One of the ten principles of the World Fair Trade Organisation (WFTO) to which Fair Trade businesses must adhere is Respect for the Environment.(6) Fair Trade enterprises source sustainable raw materials locally wherever possible, use biodegradable or easily recyclable packaging, minimise the use of pesticides for agricultural products, ship by sea wherever possible and minimise their contribution to waste streams.
Knowing that something that you buy is Fair Trade certified means that you can be confident that you are acting in an environmentally responsible manner with your purchase.
After a 2010 National Plastics Summit involving industry, government and community representatives, a plan was formulated to tackle plastic waste.(7)
The plan has five strategies:
A big move this year has been that from 1 July, only waste plastics that have been sorted into single resin or polymer type and further processed, e.g. flaked or pelletised, or processed with other materials into processed engineered fuel, can be exported. The Department of Environment has approved 48 waste companies with licenses to export. These new regulations are designed to increase dealing with waste plastics on home soil to ensure that the target of 70% of plastic waste being recycled or composted by 2025 is achieved.(9)
Of course, it would be better if we all used less plastic in the first place! After all, just one hundred years ago the use of plastic was rare. It must be acknowledged that there are many valuable applications for plastics. But the environmental degradation that they are causing at the end of their lives is so far reaching that not only should we as individuals start to change our habits and put up with some slight inconveniences, but industry must also seek innovative solutions rather than simply moving to reuse and recycle plastic.
What actions will you take this Plastic Free July?

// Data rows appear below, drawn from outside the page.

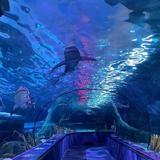 OdySea Aquarium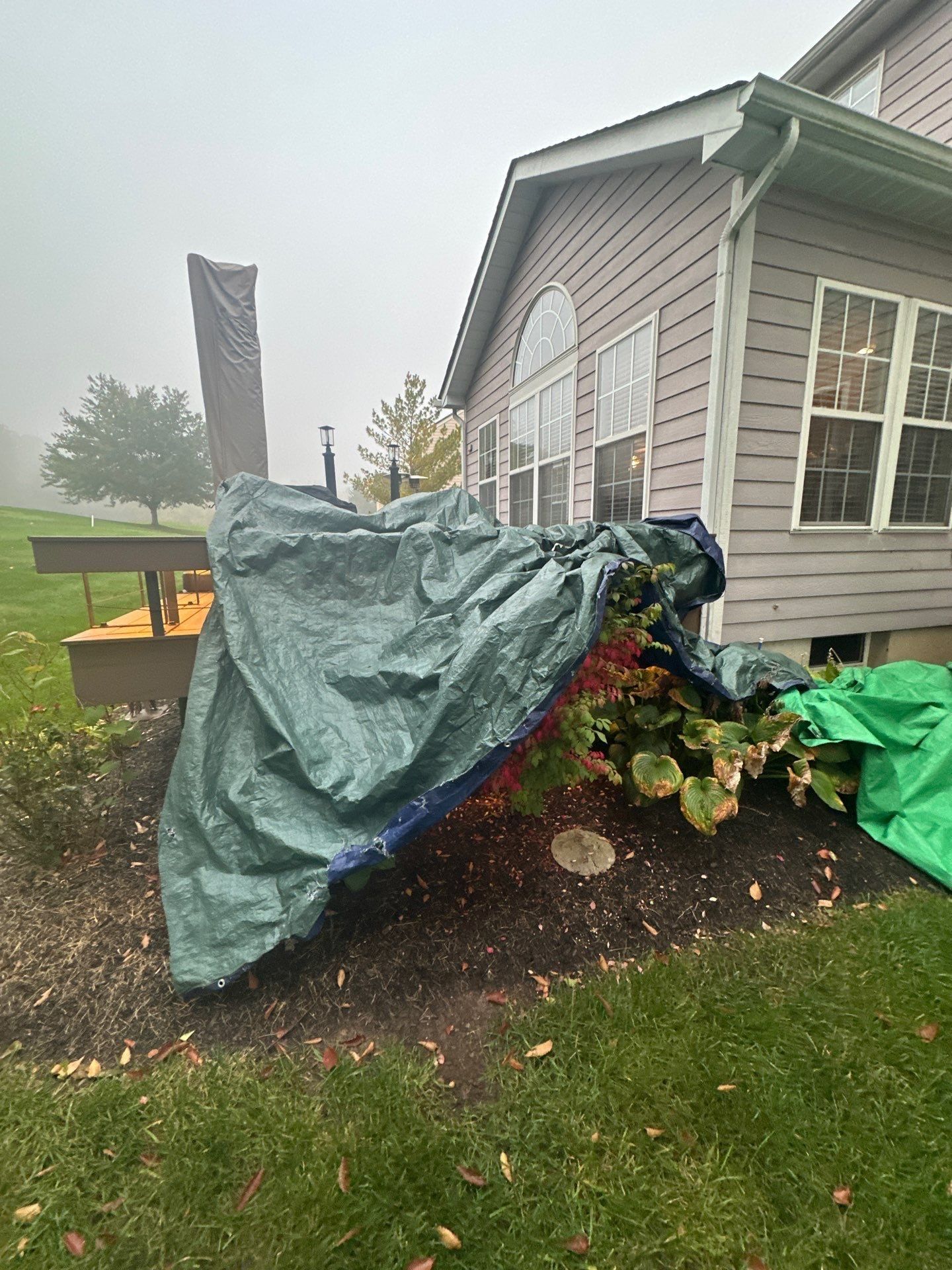 Tarps over the bed beside the back deck, Beavercreek, Ohio.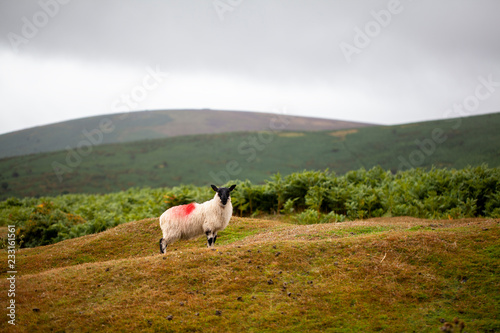 Oveja en el Parque Nacional de Dartmoor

These could include taking along your own reusable coffee cup (without the plasticised lining!) when buying coffee out, replacing plastic toothbrushes with bamboo ones, buying food at a bulk food store in paper bags or refillable jars, helping to collect plastic waste on a roadside, in a park or on the beach, or organising a guest speaker on reducing plastic usage at work. Such actions may seem small and inconsequential, but if over 100 million people are doing them …
Plastic Free July(1) has a wealth of resources and ideas on its website to get you started, and July is a perfect time to introduce some new habits to your workplace, home, school, community organisation or church.